Übersetzungsworkshop 12.11.25 am Grillo-Gymnasium, Gelsenkirchen im Rahmen des Literaturdistrikt Festivals

Ein Bericht von Sabine Adatepe M.A. (Literaturübersetzerin und
Leiterin des Workshops)

Am 12. November 2025 konnte ich im Rahmen des Programms des Literaturdistrikt Festivals erneut einen Übersetzungsworkshop mit einem Türkisch-Grundkurs der Lehrerin Hacer Akgün durchführen. Im letzten Jahr hatten wir mit der Gruppe von 18 Schüler:innen anhand praktischer Übungen bereits Grundlagen des literarischen Übersetzens erörtert.

Zum Einstieg gab es diesmal eine kleine „Werbeeinheit“ für Gelsenkirchen versus Istanbul. Mit je einem möglichst aussagekräftigen Satz stellten die Schüler:innen ihre Stadt mündlich vor, Gelsenkirchen auf Deutsch, Istanbul auf Türkisch. Vertreter:innen der jeweils anderen Sprachgruppe übersetzten konsekutiv, was gar nicht so einfach war, denn wie etwa übersetzt man „Schmelztiegel“ oder „multikulturelle Vielfalt verbunden mit der Geschichte der Gastarbeiter“ ins Türkische?

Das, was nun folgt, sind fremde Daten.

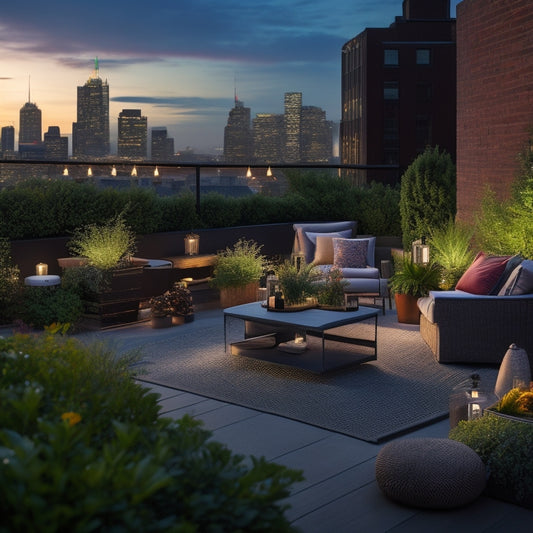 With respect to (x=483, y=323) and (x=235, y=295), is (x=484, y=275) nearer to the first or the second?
(x=483, y=323)

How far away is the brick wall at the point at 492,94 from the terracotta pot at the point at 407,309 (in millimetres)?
1567

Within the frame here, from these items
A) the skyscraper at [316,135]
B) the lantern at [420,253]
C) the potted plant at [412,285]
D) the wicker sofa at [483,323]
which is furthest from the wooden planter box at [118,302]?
the skyscraper at [316,135]

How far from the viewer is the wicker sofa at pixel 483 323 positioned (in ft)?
22.1

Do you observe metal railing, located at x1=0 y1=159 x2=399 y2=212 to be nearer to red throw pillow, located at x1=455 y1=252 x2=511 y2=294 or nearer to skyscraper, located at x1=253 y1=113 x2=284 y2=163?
skyscraper, located at x1=253 y1=113 x2=284 y2=163

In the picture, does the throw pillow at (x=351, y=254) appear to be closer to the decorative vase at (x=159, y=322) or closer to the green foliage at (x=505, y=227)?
the green foliage at (x=505, y=227)

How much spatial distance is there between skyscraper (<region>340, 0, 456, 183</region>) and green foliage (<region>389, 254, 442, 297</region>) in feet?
110

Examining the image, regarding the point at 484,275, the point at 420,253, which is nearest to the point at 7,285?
the point at 420,253

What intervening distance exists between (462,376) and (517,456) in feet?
8.69

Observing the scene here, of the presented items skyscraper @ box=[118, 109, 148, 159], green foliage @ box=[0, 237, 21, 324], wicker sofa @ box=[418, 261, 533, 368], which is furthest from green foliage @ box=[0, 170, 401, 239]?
wicker sofa @ box=[418, 261, 533, 368]

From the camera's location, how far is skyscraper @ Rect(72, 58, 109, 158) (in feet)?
39.2

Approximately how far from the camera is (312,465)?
4.47 meters

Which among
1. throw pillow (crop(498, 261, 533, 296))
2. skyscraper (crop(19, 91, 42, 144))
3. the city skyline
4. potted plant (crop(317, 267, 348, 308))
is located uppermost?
the city skyline

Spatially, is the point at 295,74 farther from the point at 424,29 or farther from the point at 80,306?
the point at 80,306

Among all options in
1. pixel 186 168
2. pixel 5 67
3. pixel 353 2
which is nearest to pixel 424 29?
pixel 353 2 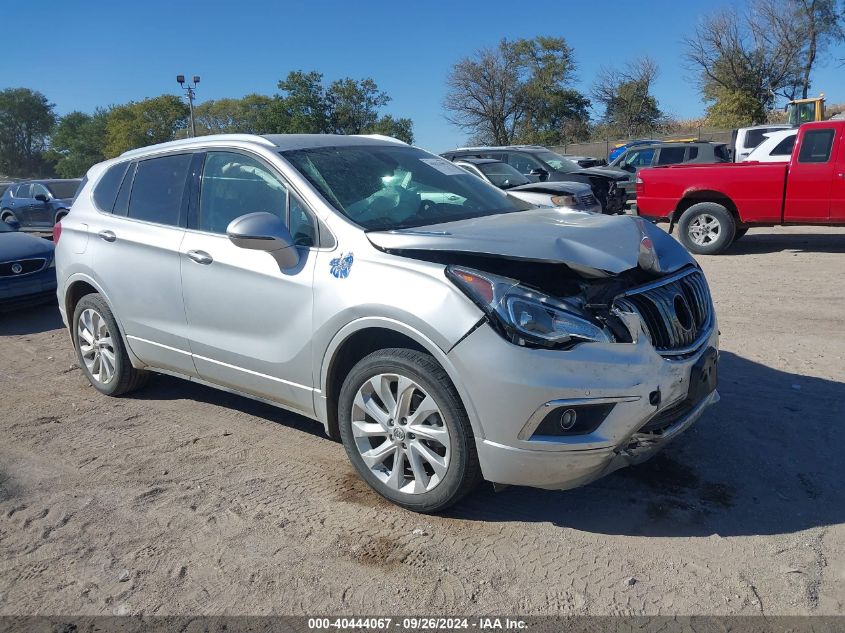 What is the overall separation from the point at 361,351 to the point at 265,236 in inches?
29.6

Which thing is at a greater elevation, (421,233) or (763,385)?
(421,233)

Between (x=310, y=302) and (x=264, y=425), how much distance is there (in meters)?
1.37

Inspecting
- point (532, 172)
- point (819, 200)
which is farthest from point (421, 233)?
point (532, 172)

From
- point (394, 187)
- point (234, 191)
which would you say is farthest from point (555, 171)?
point (234, 191)

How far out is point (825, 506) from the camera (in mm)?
3375

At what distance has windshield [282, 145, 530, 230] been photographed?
389 centimetres

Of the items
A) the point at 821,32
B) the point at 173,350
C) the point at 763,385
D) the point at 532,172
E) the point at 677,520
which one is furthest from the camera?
the point at 821,32

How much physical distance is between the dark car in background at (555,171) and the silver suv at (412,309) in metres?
10.9

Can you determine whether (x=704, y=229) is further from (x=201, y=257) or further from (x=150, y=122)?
(x=150, y=122)

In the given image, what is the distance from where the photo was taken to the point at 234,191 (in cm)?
429

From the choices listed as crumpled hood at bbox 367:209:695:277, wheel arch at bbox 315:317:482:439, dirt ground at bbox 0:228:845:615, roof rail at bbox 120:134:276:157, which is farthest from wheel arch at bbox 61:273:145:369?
crumpled hood at bbox 367:209:695:277

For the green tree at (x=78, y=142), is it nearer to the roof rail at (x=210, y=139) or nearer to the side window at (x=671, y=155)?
the side window at (x=671, y=155)

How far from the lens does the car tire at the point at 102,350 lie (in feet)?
16.6

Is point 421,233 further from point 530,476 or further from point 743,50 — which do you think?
point 743,50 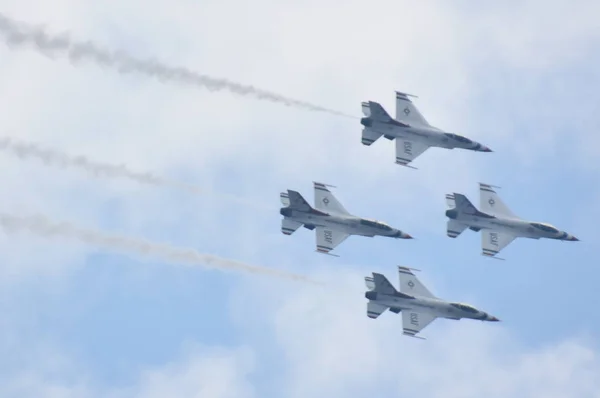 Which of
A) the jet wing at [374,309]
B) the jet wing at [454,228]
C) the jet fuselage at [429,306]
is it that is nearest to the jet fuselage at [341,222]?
the jet wing at [454,228]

Anschließend ging es um Lyrik, konkret um das berühmte Gedicht „Istanbul’u dinliyorum“ von Orhan Veli Kanık. Gleich der Titel wirft Fragen auf: „Ich höre Istanbul“ oder „Ich höre Istanbul zu“? Zunächst lasen die Schüler:innen alle sechs Strophen im Plenum vor, um dann in Partnerarbeit die erste Strophe zu übersetzen. Hier war einiges an Transferleistung gefragt: sich in das Istanbul der 1940-50er Jahre mit zum Teil eigenem Vokabular hineinzuversetzen, Lyrik als Gattung zu erkennen und dafür in der Übersetzung eine adäquate Sprache zu finden. Im zweiten Schritt lasen wir vier vorhandene Übersetzungen der ersten Strophe im Vergleich und diskutierten, welche als gelungen gelten durfte und warum. Zudem besprachen wir die Schwierigkeiten beim eigenen Übersetzen der Verse.

Anhand von drei weiteren Kurzbeispielen arbeiteten wir heraus, welche vor allem sprachstrukturell bedingten Schwierigkeiten sich beim literarischen Übersetzen vom Türkischen ins Deutsche grundsätzlich stellen.

Das Beispiel einer fehlerhaften KI-Übersetzung von Untertiteln eines Fernsehfilms bot Gelegenheit, uns die Arbeitsweise von KI-Bots bewusst zu machen: In einem „çay evi“ (Teehaus) können ja nur Männer sitzen, oder? Im Original erzählten aber Frauen das Gegenteil: Im „Teelager“ (auch so lässt sich „çay evi“ übersetzen) seien nur Frauen anzutreffen! Warum unterlaufen der KI solche Fehler? 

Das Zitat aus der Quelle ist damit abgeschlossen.